- [Data excerpts]
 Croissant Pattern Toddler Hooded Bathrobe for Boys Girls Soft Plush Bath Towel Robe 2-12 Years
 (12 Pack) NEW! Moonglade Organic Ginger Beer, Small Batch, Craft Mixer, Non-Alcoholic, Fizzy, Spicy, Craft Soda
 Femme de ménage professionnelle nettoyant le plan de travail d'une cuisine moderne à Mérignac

...

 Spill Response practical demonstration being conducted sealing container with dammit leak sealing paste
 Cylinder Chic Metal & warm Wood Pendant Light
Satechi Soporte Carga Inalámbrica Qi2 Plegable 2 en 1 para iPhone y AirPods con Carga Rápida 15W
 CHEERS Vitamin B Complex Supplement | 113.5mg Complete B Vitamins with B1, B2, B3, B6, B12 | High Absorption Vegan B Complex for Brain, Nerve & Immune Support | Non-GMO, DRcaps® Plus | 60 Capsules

==

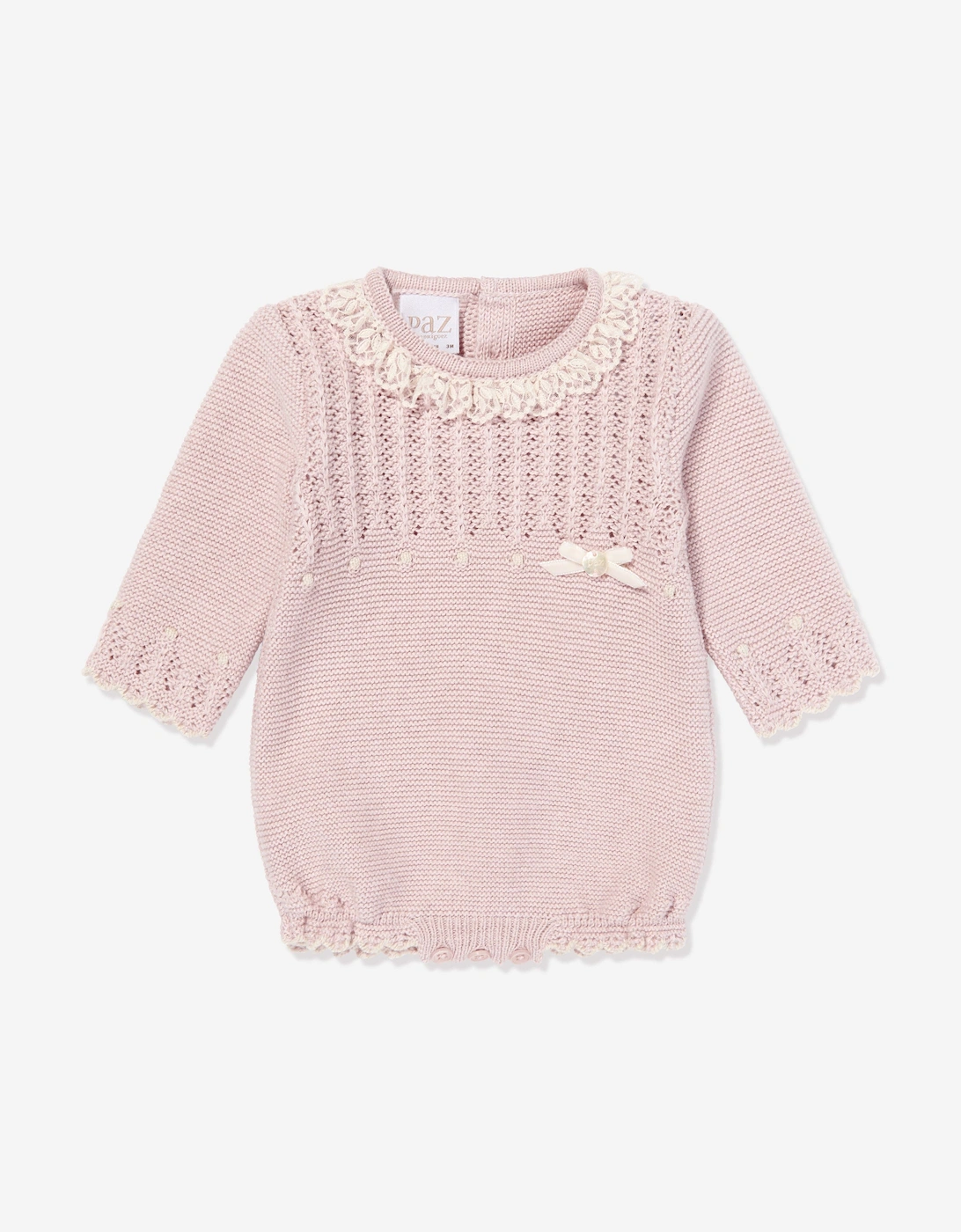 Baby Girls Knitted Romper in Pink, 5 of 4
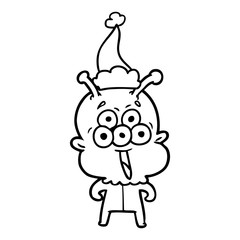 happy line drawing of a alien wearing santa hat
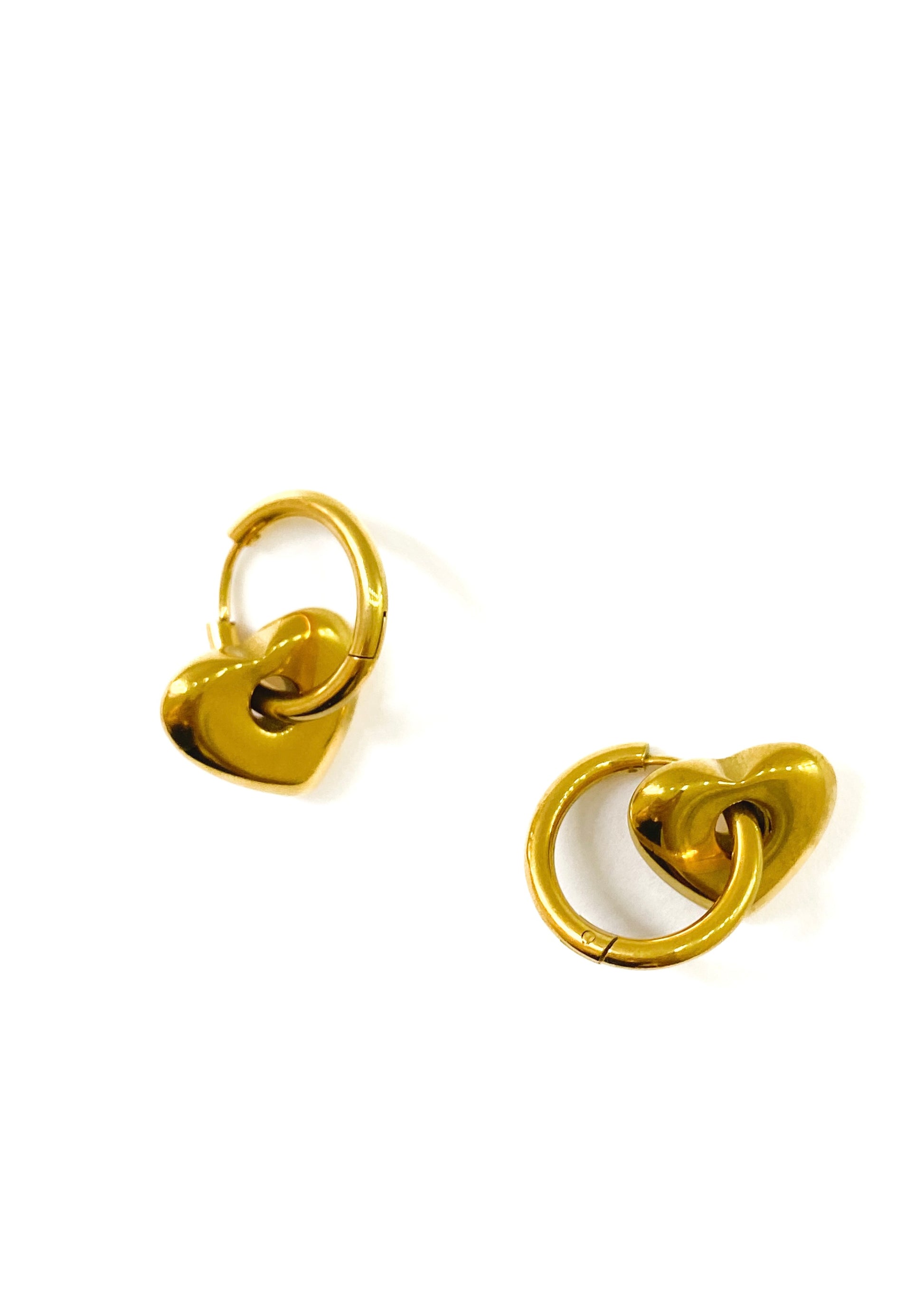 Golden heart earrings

- [Try it] Taking the entries above, write out exactly the lines starting with the line containing "(12 Pack) NEW!" and going on through the line containing "Femme de ménage", both included, and nothing else.

- [Response for this exercise]
 (12 Pack) NEW! Moonglade Organic Ginger Beer, Small Batch, Craft Mixer, Non-Alcoholic, Fizzy, Spicy, Craft Soda
 Femme de ménage professionnelle nettoyant le plan de travail d'une cuisine moderne à Mérignac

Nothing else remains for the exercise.